R. Suryaprakash  is a Carnatic vocalist, composer, and lyricist. An 'A Grade' artist of All India Radio, he has travelled extensively and received accolades for his performances.

Early life and education
Suryaprakash began studying music at the age of seven from his uncle Tirukkodikaval Shri V. Rajamani, a disciple of Semmangudi Srinivasa Iyer. Later, he learned under Shri M. A. Venugopalan, another disciple of Semmangudi. He received his advanced training from Sangeetha Kalanidhi T. V. Sankaranarayanan. He further enriched his repertoire by working with Smt. Sulochana Pattabiraman and Dr. V. V. Srivatsa, both eminent musicologists.

Suryaprakash holds a master's degree in Carnatic music from Madras University.
He was also awarded the doctorate degree in March 2020 by Madras University for his thesis titled "Structured and Systematic Approach to Manodharma Sangeetham".

Career
Suryaprakash is a regular performer in the Carnatic music circuit. He has been accompanied by leading stalwarts such as Umayalpuram K. Sivaraman, Mannargudi Easwaran, Thiruvarur Bhakthavatsalam, V. V. Ravi, Subhash Chandran.
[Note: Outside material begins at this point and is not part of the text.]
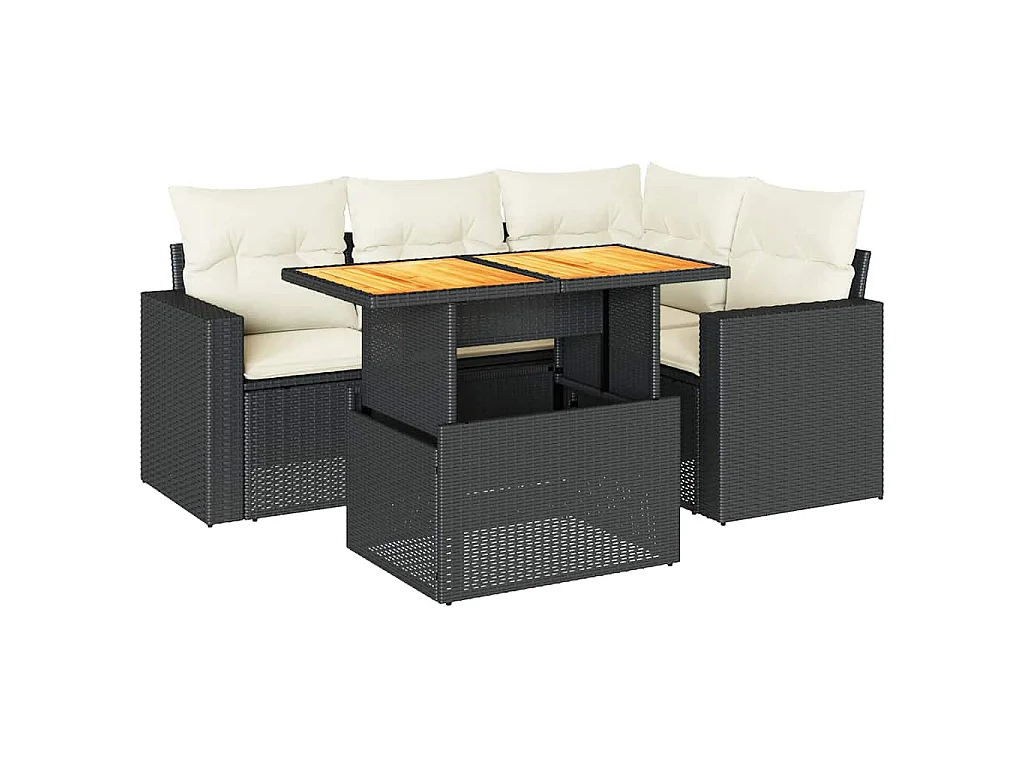 Set Divani da Giardino 5 pz con Cuscini in Polyrattan Nero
Suryaprakash has performed extensively both in India and abroad in many countries such as Australia, Singapore, US, New Zealand, South Africa. He is a sought-after performer at international Carnatic music festivals, some of which being the Cleveland Thyagaraja Festival and the 'Festival of Asia' in Melbourne, Australia.

Suryaprakash is both a concert performer and a teacher, much sought after. He has conducted several workshops for aspiring students.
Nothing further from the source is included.